FSC chairman says investors must know risk
But, he added, the financial authority will come up with regulations against private equity funds to protect investors following the recent controversy over derivative-linked funds (DLFs) sold by banks.
“[My] position [on private equity funds] is slowly changing [towards tightening regulation],” FSC Chairman Eun said on Thursday during a press briefing celebrating his first month on the job.
Eun said the FSC will come up with measures as early as the end of this month and no later than early November, the same promise he made last week during a National Assembly audit.
The FSC chairman said investors have no one else to blame for bad investment decisions beyond themselves.
“There is no free lunch in the world,” Eun said. “The investment that you make is your own responsibility.
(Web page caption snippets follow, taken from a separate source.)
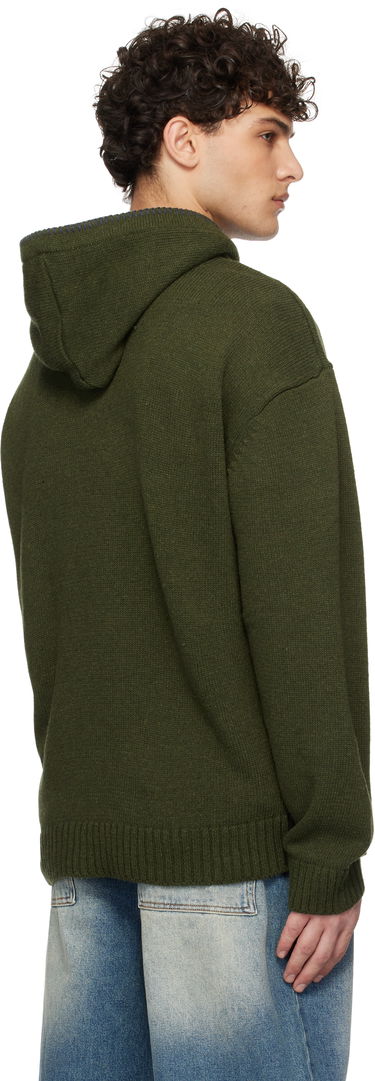 Суитчър Dime Wool Hoodie Зелено | DIMEHO2412ARM, 2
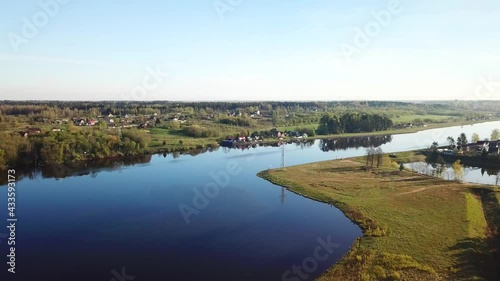 Wallpaper Mural Western Dvina River in the area of ​​the village of Barvin Torontodigital.ca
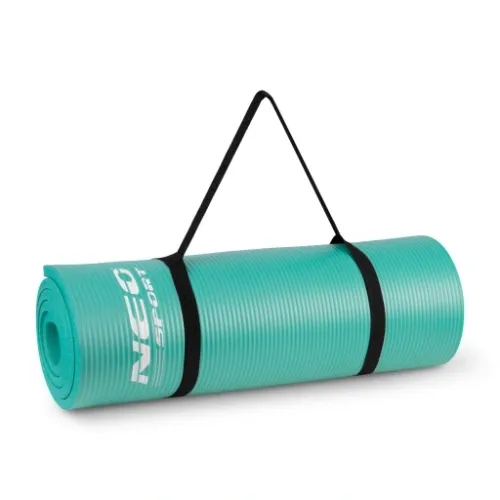 DUŻA MATA DO ĆWICZEŃ JOGI YOGA FITNESS GRUBA 1,5cm na Arena.pl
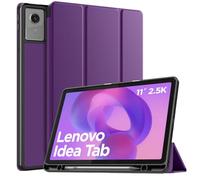 TiMOVO Funda para Lenovo Idea Tab 11 Pulgadas 2025 TB-336ZU/336FU con Soporte para Lápiz Óptico, Funda Protectora Delgada con Parte Trasera de TPU Suave, Auto Activación/Reposo, Púrpura Profundo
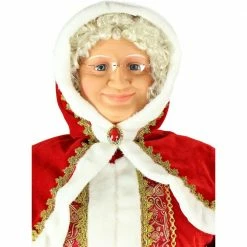 Fraser Hill Farm 58" Life-Size Dancing Mrs. Claus W/ Hooded Cloak And Basket -Christmas store unnamed file 1428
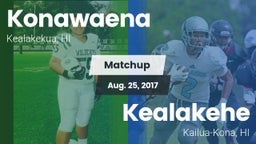 Matchup: Konawaena vs. Kealakehe  2016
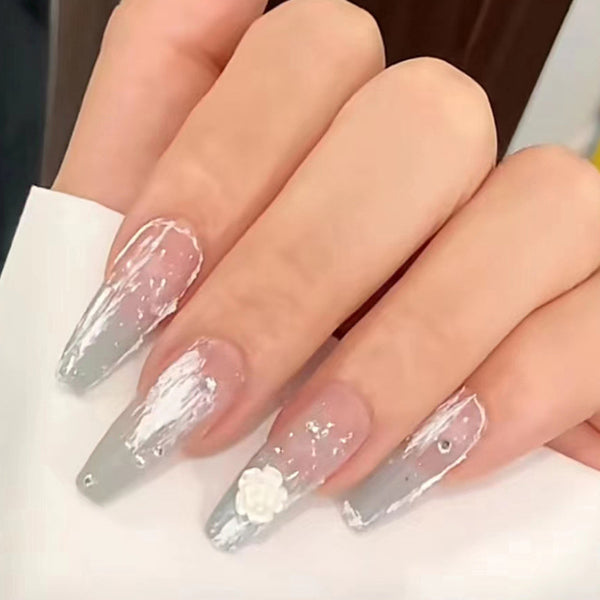 12 Sizes-24 Pcs Press On Nails Z328
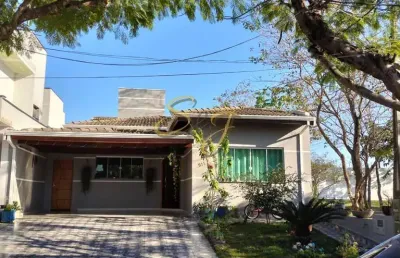 Casa terrea com três suites a venda no bairro cascata- cond. campos do conde - paulínia sp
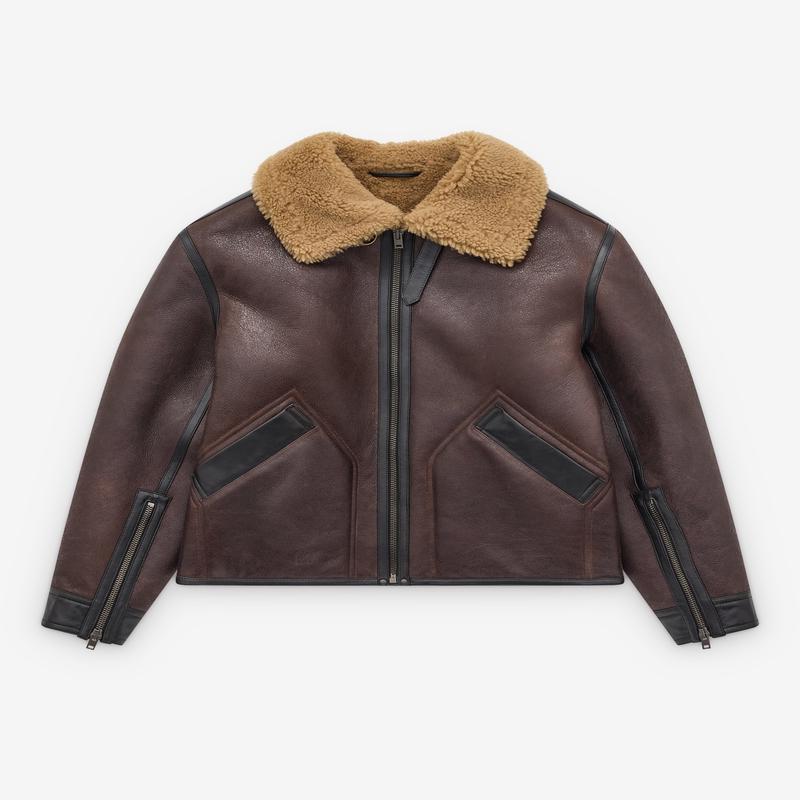 Lemaire - Men's Shearling Coat - (Espresso)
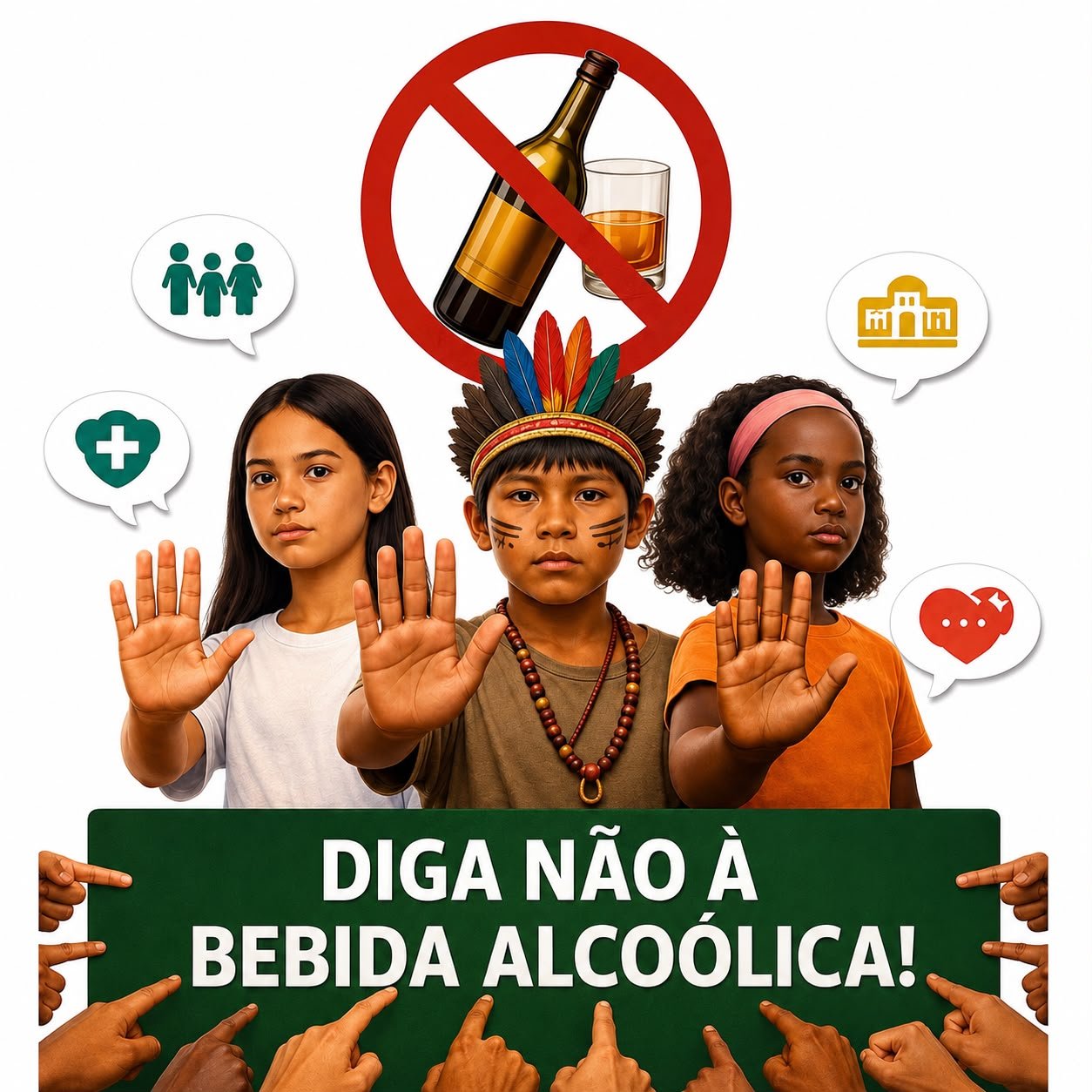 Campanha Diga Não à Bebida Alcoólica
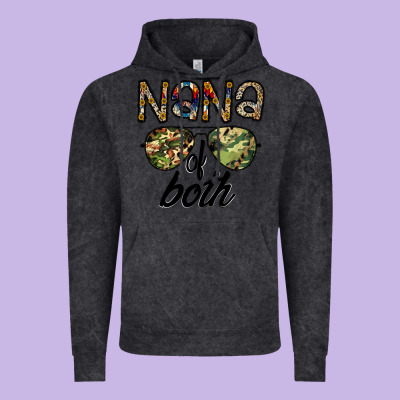 Nana Of Both Vintage Hoodie Designed By Cowhidedigitalart
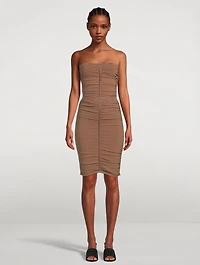 Ruched Pencil Skirt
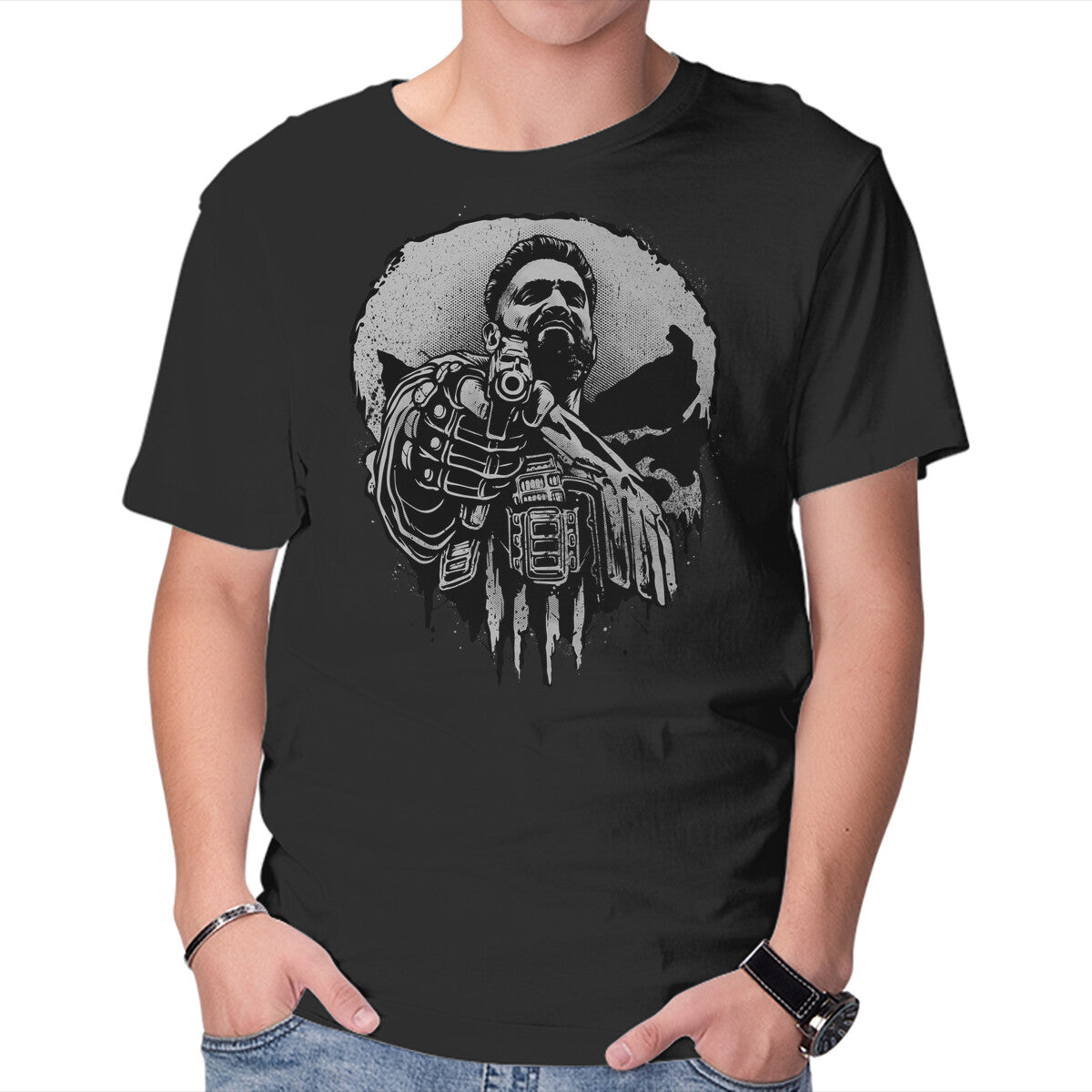 Unisex Crew Neck T-Shirt Aim For Peace Graphic Short Sleeve Casual Tee XL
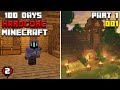 I Survived 100 Days in Hardcore Minecraft PART 1 (S2)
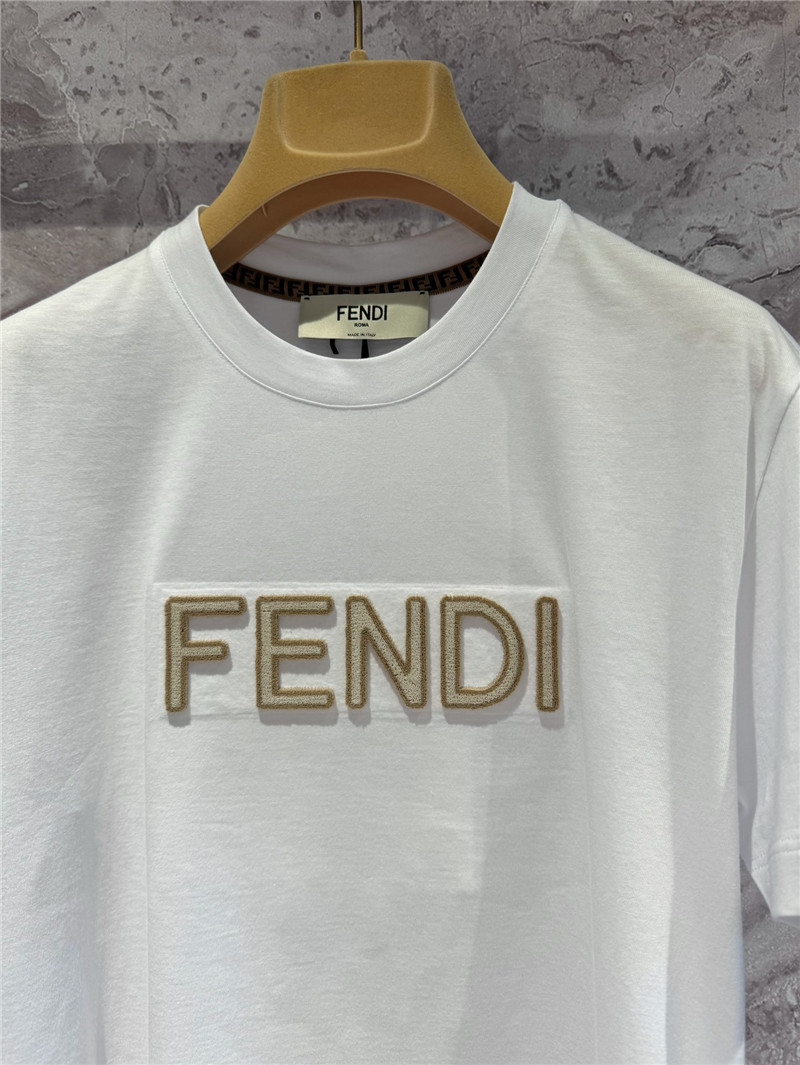 F**di 3d toothbrush embroidered t-shirt replica designer clothes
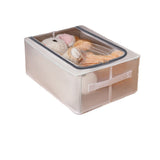 Cutie De Depozitare, Pentru Pantofi Haine, Din Plasa Pvc Impermeabila Si Cadru De Otel, Pliabila, Fermoar Bidirectional
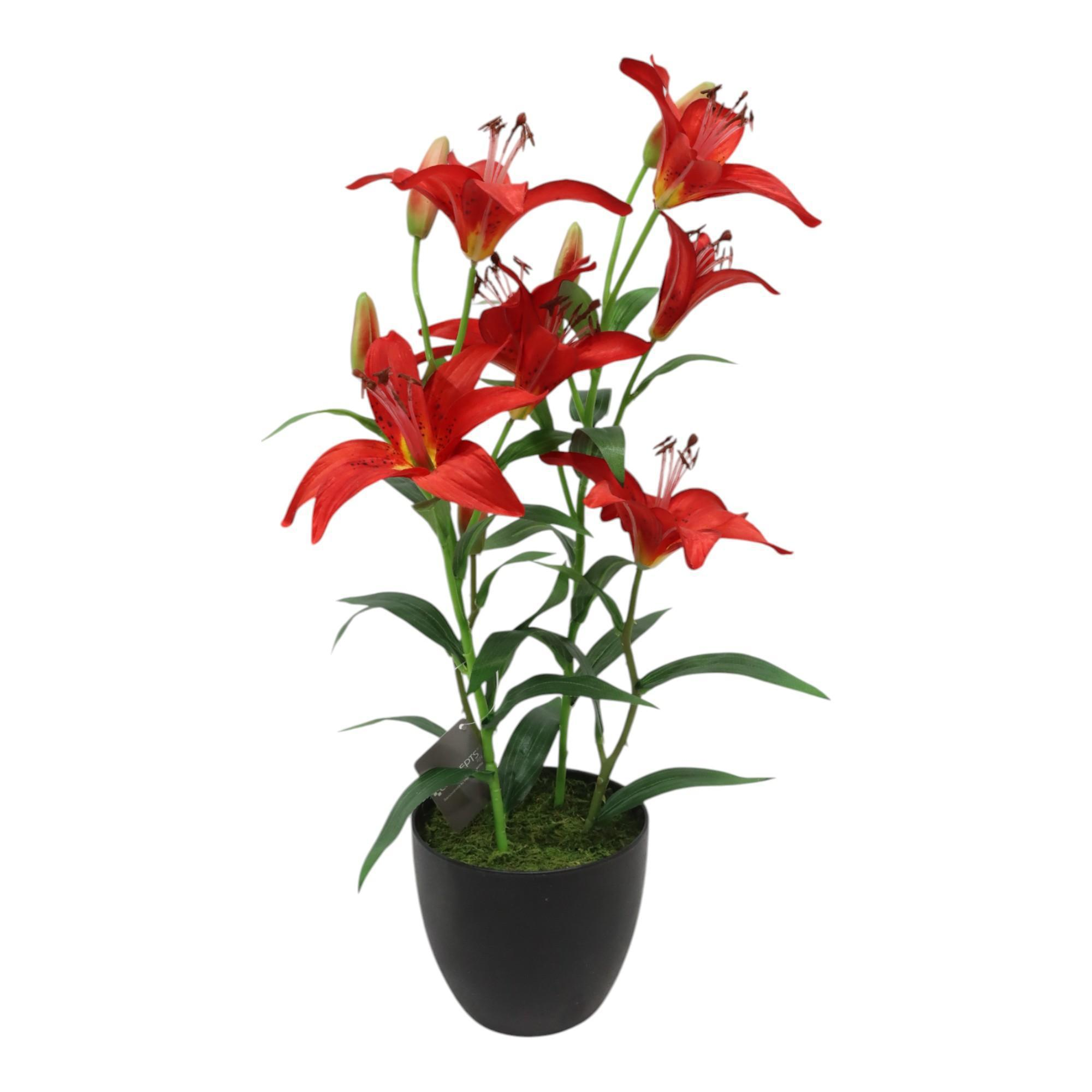Planta artificial lirio rojo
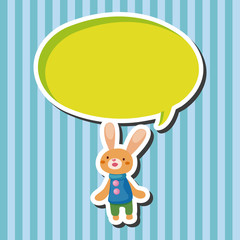 rabbit theme element vector,eps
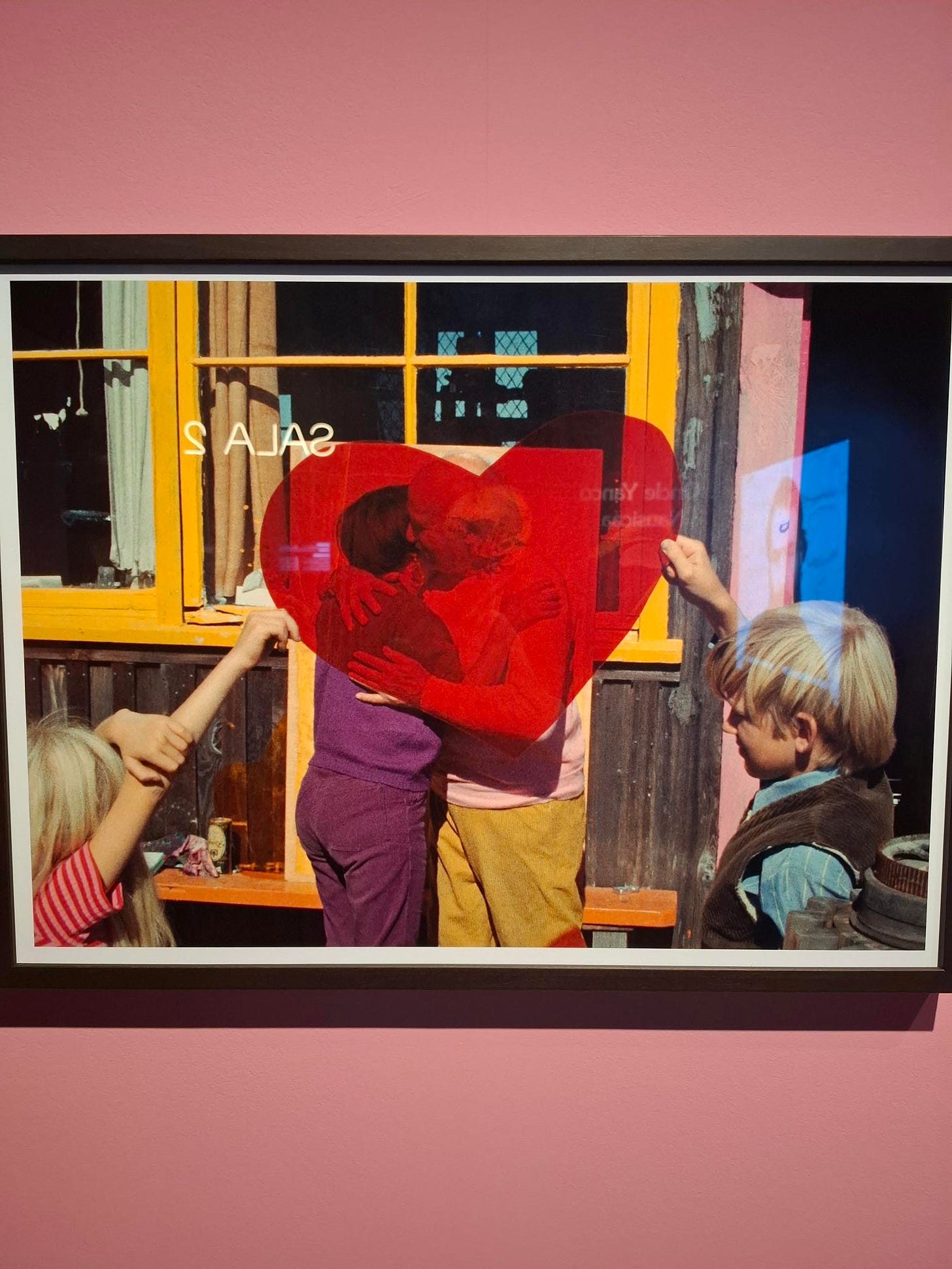 A picture taken from the excellent Agnès Varda exhibition at the CCCB in Barcelona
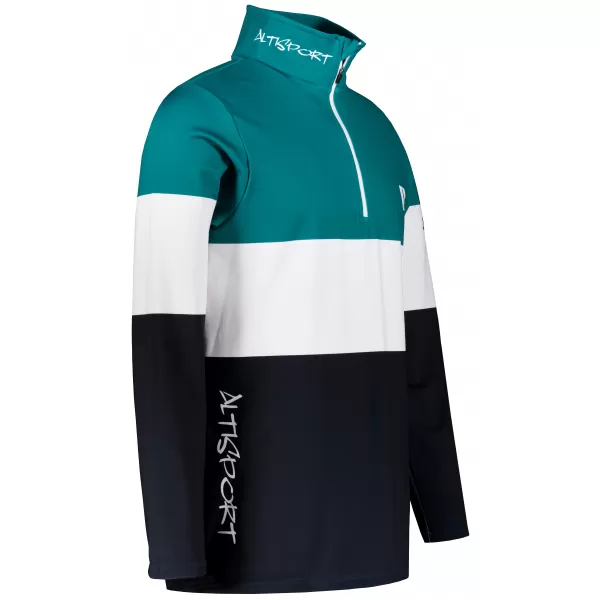  Férfi funkcionális Thermo pulóver prémium ALTISPORT VOJ/ALM051TER03 KEROZIN/FEKETE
“You have to make your own judgment on whether the investment that you are making is safe or not.”
Eun said he never said banks should bear the responsibility for the recent controversy.
“We’re not here to determine if [the banks] committed fraud or not,” Eun said. “This has to be determined by the prosecutors’ office or the courts if it becomes a criminal case.
“The Financial Supervisory Service is only looking into whether [the banks] failed to properly inform investors.”
Derivative-linked securities (DLSs) and DLF investments sold by Woori and KEB Hana Bank became a major controversy this year after investors suffered major losses. Many were elderly people investing their life savings or retirement paychecks.
DLFs sold by Woori Bank that tracked interest rates of 10-year German treasury bonds suffered major losses after interest rates plummeted.
Some investors have claimed their investment shrunk more than one third.
The investors claimed that the financial companies promised that the investment guaranteed 4 percent returns and said the possibility of losing their investments were low.
The financial authorities are looking into whether the financial companies sold the products to investors without properly explaining the risks that were involved with the derivatives.
Woori and KEB Hana Bank accounted for 99.1 percent of the 822.4 billion won ($687.8 million) of the derivative-linked products sold to 3,654 retail investors and 188 businesses as of Aug. 7.
Nearly half of the retail investors were aged 60 or older.
The FSC chairman also said the financial authority is working on approving a third online bank within this year.
However, he denied speculation that there is a low interest within the industry in online banks.
“We have to closely look into it since we’ve just started accepting applicants today,” Eun said. “But through the consulting that we have had, the market is not cold nor is it overheated.”
He said personally he hoped that there would be more interest.